I have done with complaining. The fact is that I cannot think of modern American criticism without finding in Rahv a constant witness to its seriousness and care. The fact the he lost interest in literature after Eliot and Joyce troubles me. True, he thought well of Bellow's Herzog and admired the Russian dissident novelists. He was sufficiently interested in Norman Mailer's work to find it a desperate symptom of hysteria at large. He seems to have no interest in literary theory, except in the few rudimentary notions which he ascribed to realism. There are large areas of literature—Virgil, Dante, Shake-speare—which he was evidently happy to entrust to others. But he exerted such pressure upon the literature he needed that his criticism amounted to a morality. He read the American novelists in the hope of discovering what forms American experience had taken and what forms it might still take. Whitman, James and Hawthorne were indeed writers, but they were important to Rahv as indicating producible forms of experience, and at the same time for the price each of them paid for his characteristic form in its limitation or its exorbitance. Faced with such a theme, Rahv could not be peevish, as he was sometimes peevish when pointing to follies in our own time. On his chosen theme, which was more fated than chosen, his criticism has the grandeur, warmth and eloquence which make it a form of literature in its own right…. It will be more than interesting to see what effect [Essays on Literature and Politics 1932–1972] will have on the political understanding of literature and the tone in which the debates are conducted.

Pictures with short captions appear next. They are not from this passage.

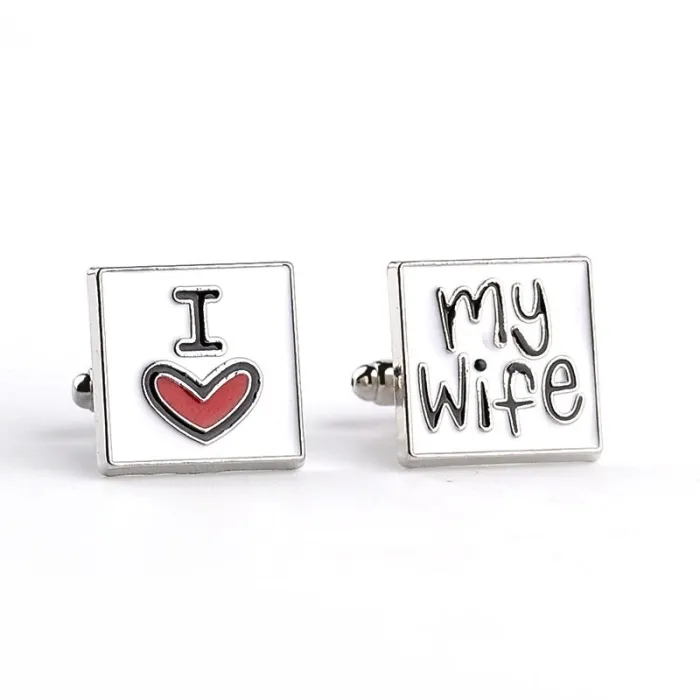 Cufflinks - wedding gift - inscribed - i love you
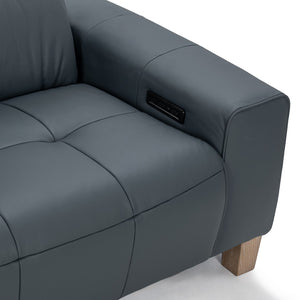 Classic Home Alea Reclining Sofa in Smoke Blue - Luxurious Leather Comfort with Modern Design for Your Space 2223SF11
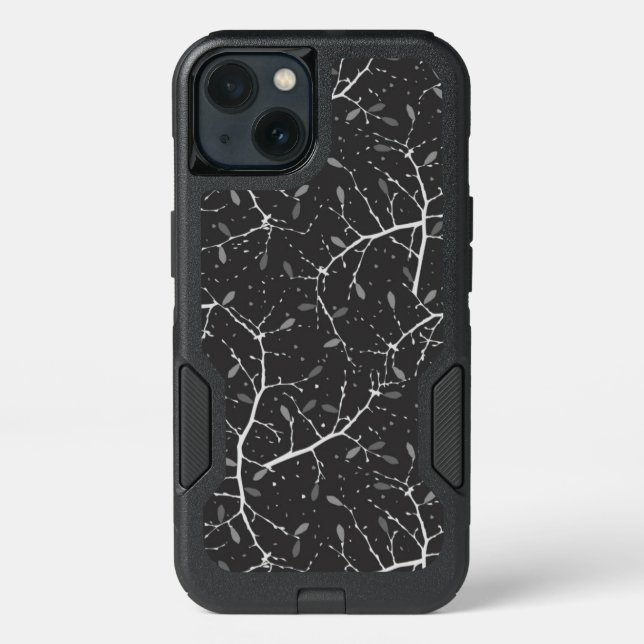 Cute black white tree pattern otterbox iPhone case (Back)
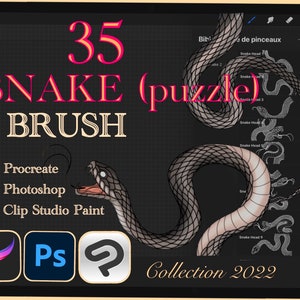 35 SNAKE PUZZLE brushes for Procreate / Photoshop / Clip Studio Paint (2022 collection)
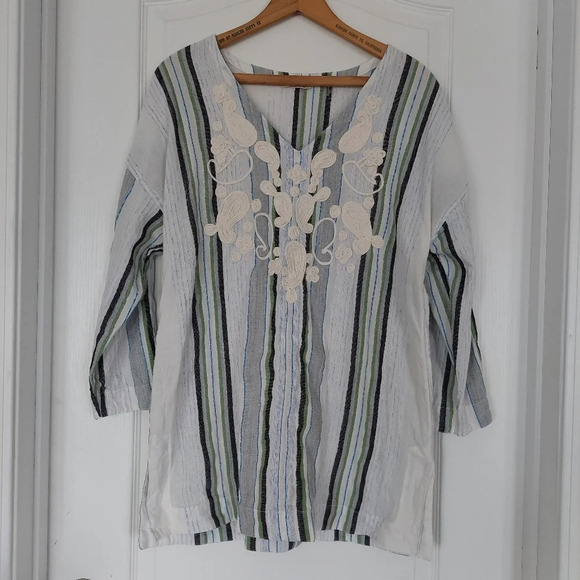 Soft Surroundings Striped Floral Embroidered Cotton Blend Tunic Top Size Meduim - Picture 1 of 8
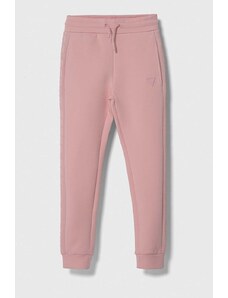 Guess pantaloni de trening pentru copii culoarea roz, neted
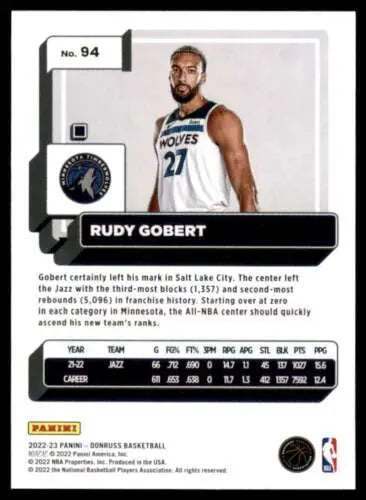 Rudy Gobert basketball card 2022-23 Donruss NM-MT with original gloss features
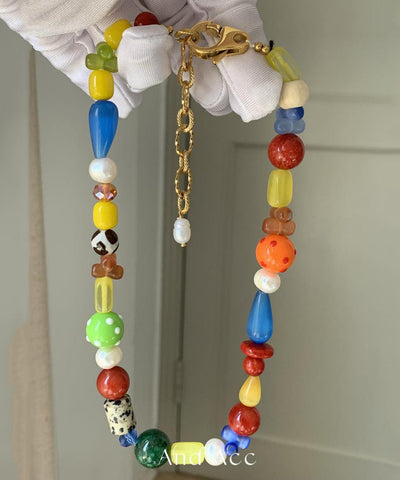 Collar de cuentas asimétricas con gemas y arcoíris en plata de ley dorada para mujer 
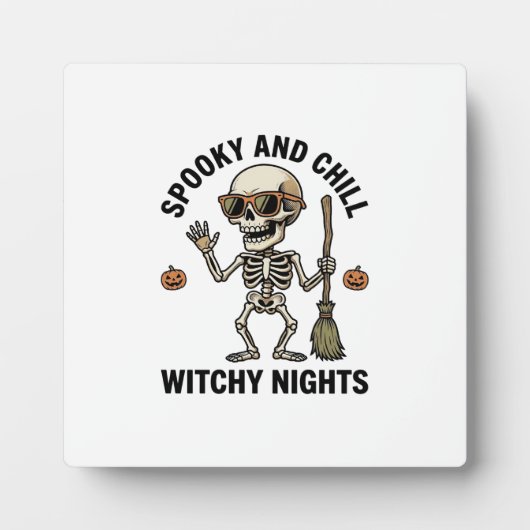 Retro Halloween skeletgravure heks bezem Sh Fotoplaat (Voorkant)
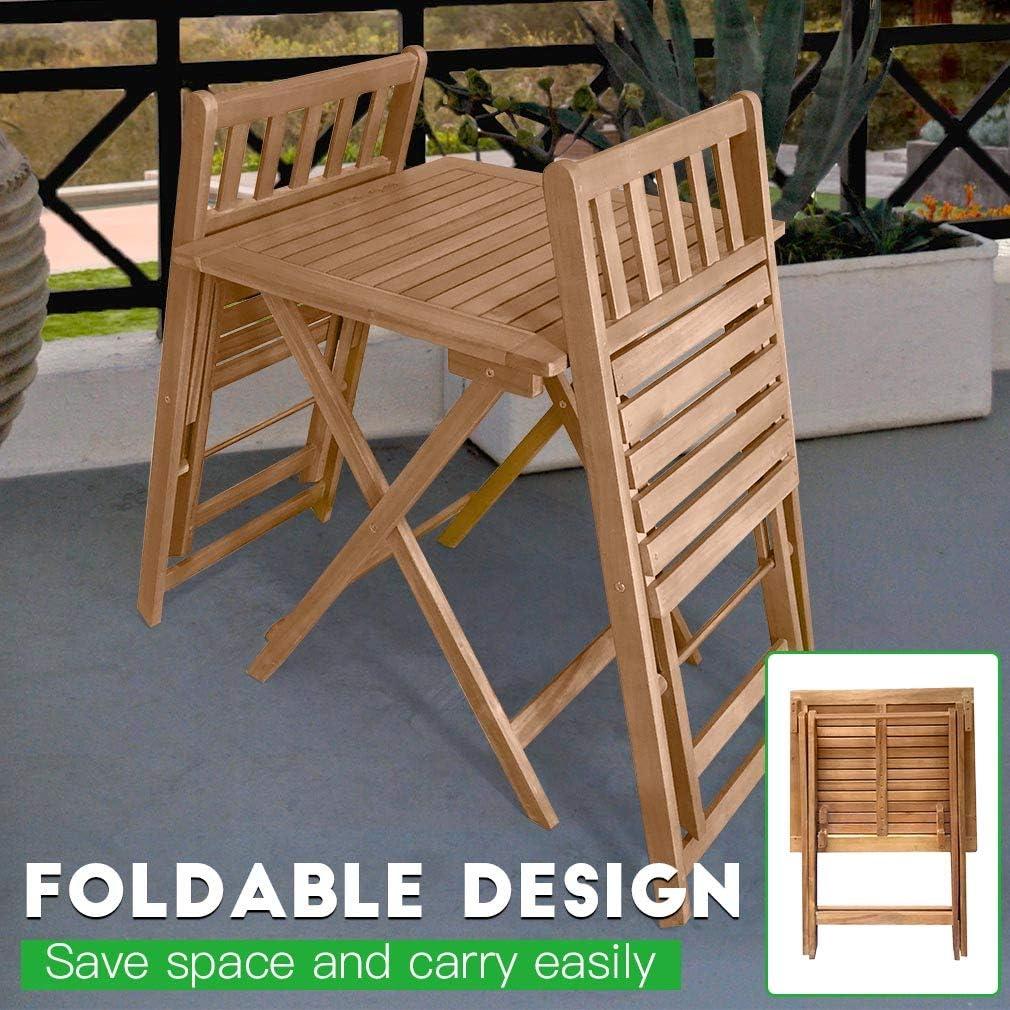 FDW Outdoor Bistro Set with 2 Chairs and Square Table for Pool Beach Backyard Balcony Porch Deck Garden Wooden Furniture, Natural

Much of the current literary criticism, as far as it discusses the politics of literature, seems to me flashy and narcissist; the contempt currently directed against history is a wretched and symptomatic evasion: the skepticism directed against language itself has become automatic, a routine attitude. So Rahv's essays, whatever their limitations, could not have come at a better time. (p. 37)
Denis Donoghue, "'Essays on Literature and Politics 1932–1972'," in The New Republic (reprinted by permission of The New Republic; © 1978 The New Republic, Inc.), Vol. 179, No. 23, December 2, 1978, pp. 36-8.